The GC thread is expected to be CPU intensive.  The main cause of delay
is skipping over lots of files that cannot be closed yet - looking for
files that can.  This could delay the closing of files, but not nearly
as much as the delays I saw caused by synchronous IO.

We might be able to improve the situation a bit by queuing files as soon
as list_lru_walk finds them, rather than gathering them all into a list
and the queuing them one by one from that list.

It isn't clear to me that there is an issue here that needs fixing.

> 
> And, as we discussed in a previous thread, replacing the per-
> namespace worker with a parallel mechanism would help GC proceed
> more quickly to reduce the flush/close backlog for NFSv3.
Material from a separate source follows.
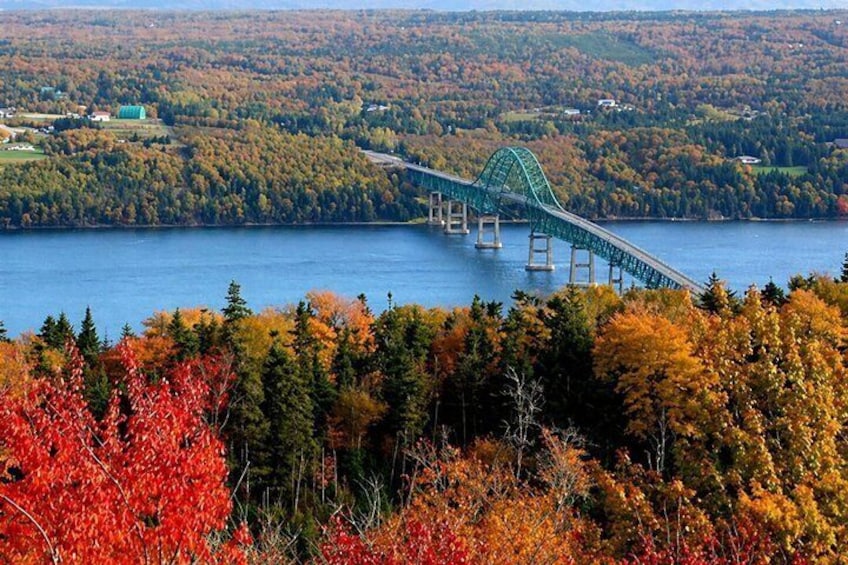 A green bridge over a lake surrounded by autumn foliage. 2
This patch discards the per-namespace worker.

The GC step (searching the LRU list for "garbage") is still
single-threaded.  The filecache is shared by all net-namespaces and
there is a single GC thread for the filecache.
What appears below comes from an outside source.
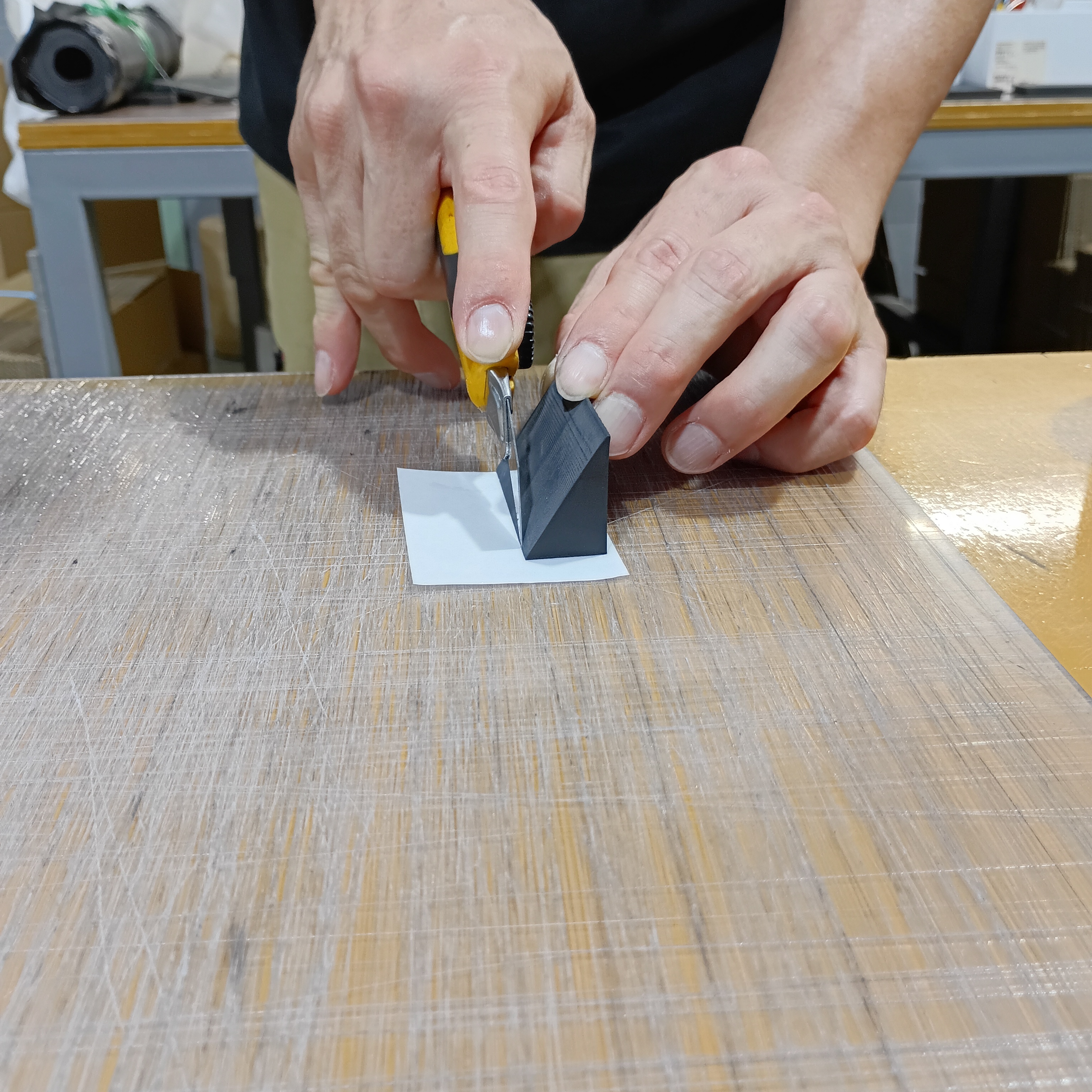 ゴム製品にカッターで両面テープを丁寧に貼り付けている職人の手元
Files that are found *were* filp_close()ed by per-net-fs work-items.
With this patch the filp_close() is called by the nfsd threads.

The file __fput of those files *was* handled by a single system-wide
work-item.  With this patch they are called by the nfsd thread which
called the filp_close().

> 
> 
> > Signed-off-by: NeilBrown <neilb@...e.de>
> > ---
> >  fs/nfsd/filecache.c | 62 ++++++++++++++++++---------------------------
> >  fs/nfsd/filecache.h |  1 +
> >  fs/nfsd/nfssvc.c    |  6 +++++
> >  3 files changed, 32 insertions(+), 37 deletions(-)
> > 
> > diff --git a/fs/nfsd/filecache.c b/fs/nfsd/filecache.c
> > index ee9c923192e0..55268b7362d4 100644
> > --- a/fs/nfsd/filecache.c
> > +++ b/fs/nfsd/filecache.c
> > @@ -39,6 +39,7 @@
> >  #include <linux/fsnotify.h>
> >  #include <linux/seq_file.h>
> >  #include <linux/rhashtable.h>
> > +#include <linux/task_work.h>
> >  
> >  #include "vfs.h"
> >  #include "nfsd.h"
> > @@ -61,13 +62,10 @@ static DEFINE_PER_CPU(unsigned long, nfsd_file_total_age);
> >  static DEFINE_PER_CPU(unsigned long, nfsd_file_evictions);
> >  
> >  struct nfsd_fcache_disposal {
> > -	struct work_struct work;
> >  	spinlock_t lock;
> >  	struct list_head freeme;
> >  };
> >  
> > -static struct workqueue_struct *nfsd_filecache_wq __read_mostly;
> > -
> >  static struct kmem_cache		*nfsd_file_slab;
> >  static struct kmem_cache		*nfsd_file_mark_slab;
> >  static struct list_lru			nfsd_file_lru;
> > @@ -421,10 +419,31 @@ nfsd_file_dispose_list_delayed(struct list_head *dispose)
> >  		spin_lock(&l->lock);
> >  		list_move_tail(&nf->nf_lru, &l->freeme);
> >  		spin_unlock(&l->lock);
> > -		queue_work(nfsd_filecache_wq, &l->work);
> > +		svc_wake_up(nn->nfsd_serv);
> >  	}
> >  }
> >  
> > +/**
> > + * nfsd_file_dispose_some
> 
> This needs a short description and:
> 
>  * @nn: namespace to check
> 
> Or something more enlightening than that.
> 
> Also, the function name exposes mechanism; I think I'd prefer a name
> that is more abstract, such as nfsd_file_net_release() ?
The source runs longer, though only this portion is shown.